Task. Transcribe nothing except the lines below that run from the one with "Eton Shirts Eton" to the one with "Zalim Nazron Se", ends included, and do not copy any picture.

Input data.
╭──
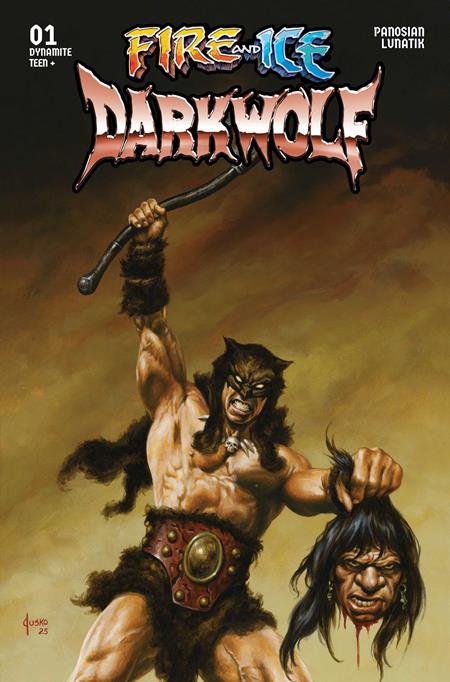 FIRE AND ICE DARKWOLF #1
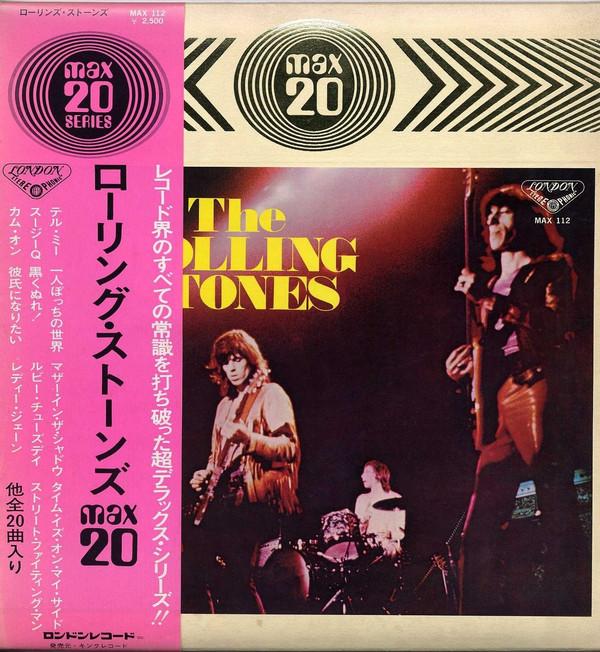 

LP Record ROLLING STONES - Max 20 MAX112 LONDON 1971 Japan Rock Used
╰──
╭──
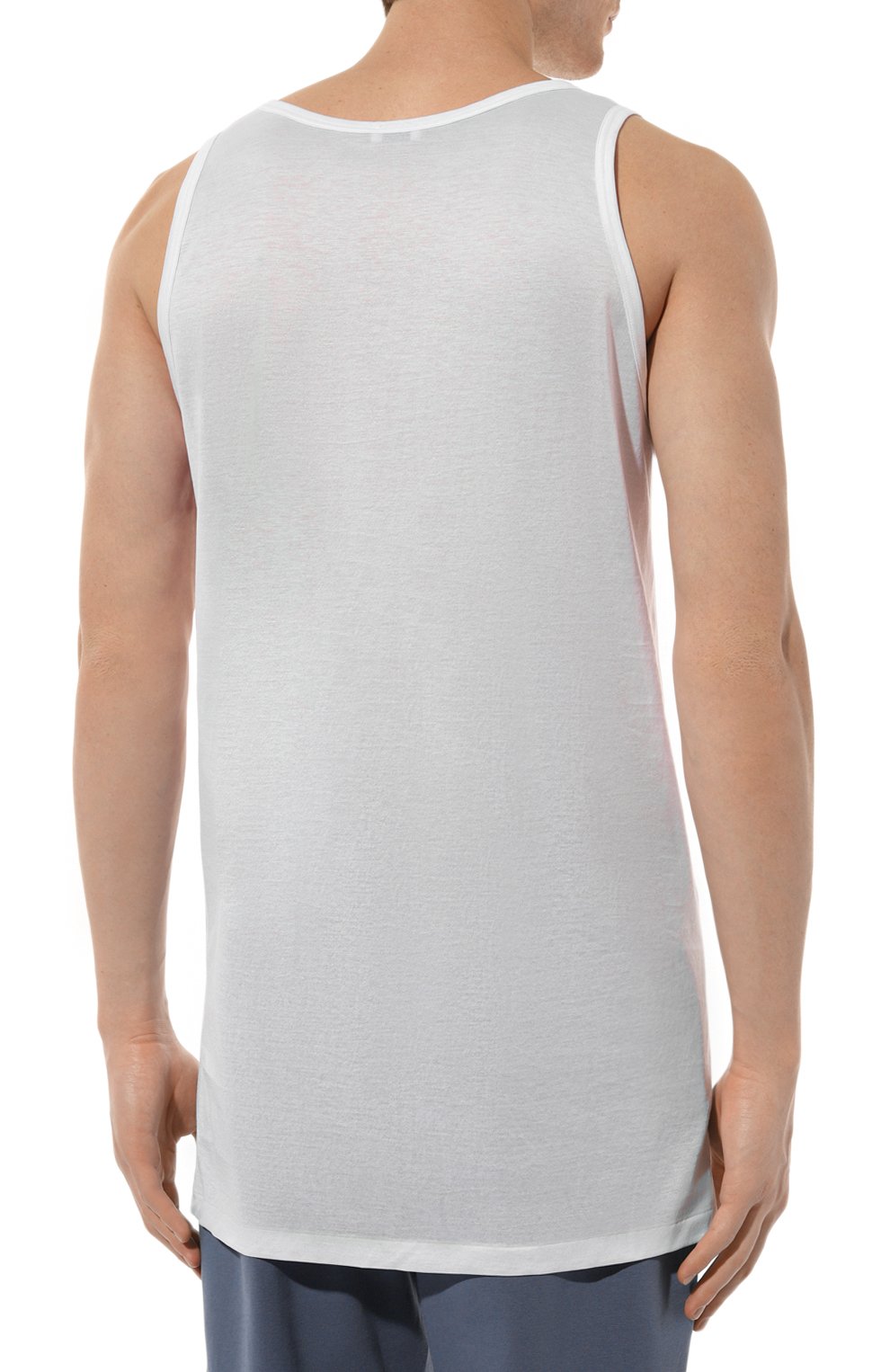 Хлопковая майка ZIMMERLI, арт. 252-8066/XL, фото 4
╰──
╭──
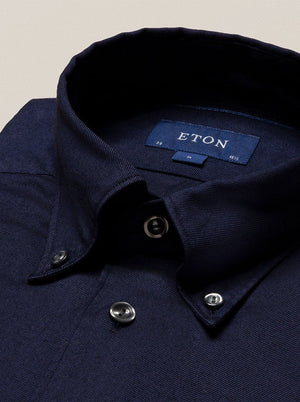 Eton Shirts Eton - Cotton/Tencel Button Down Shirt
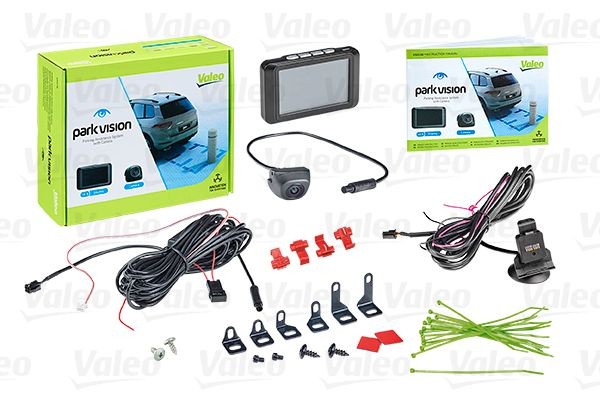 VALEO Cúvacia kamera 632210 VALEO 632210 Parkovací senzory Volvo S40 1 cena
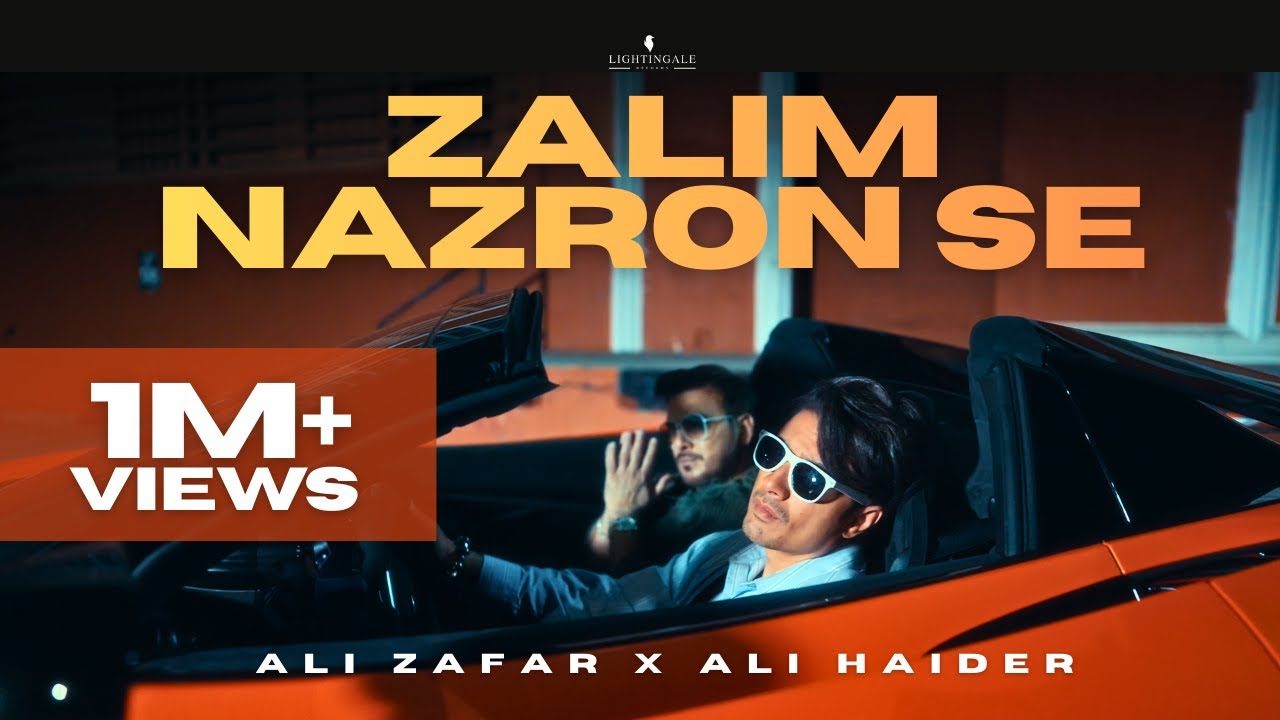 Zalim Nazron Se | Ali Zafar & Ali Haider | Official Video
╰──
Answer section.
 Eton Shirts Eton - Cotton/Tencel Button Down Shirt
 VALEO Cúvacia kamera 632210 VALEO 632210 Parkovací senzory Volvo S40 1 cena
 Zalim Nazron Se | Ali Zafar & Ali Haider | Official Video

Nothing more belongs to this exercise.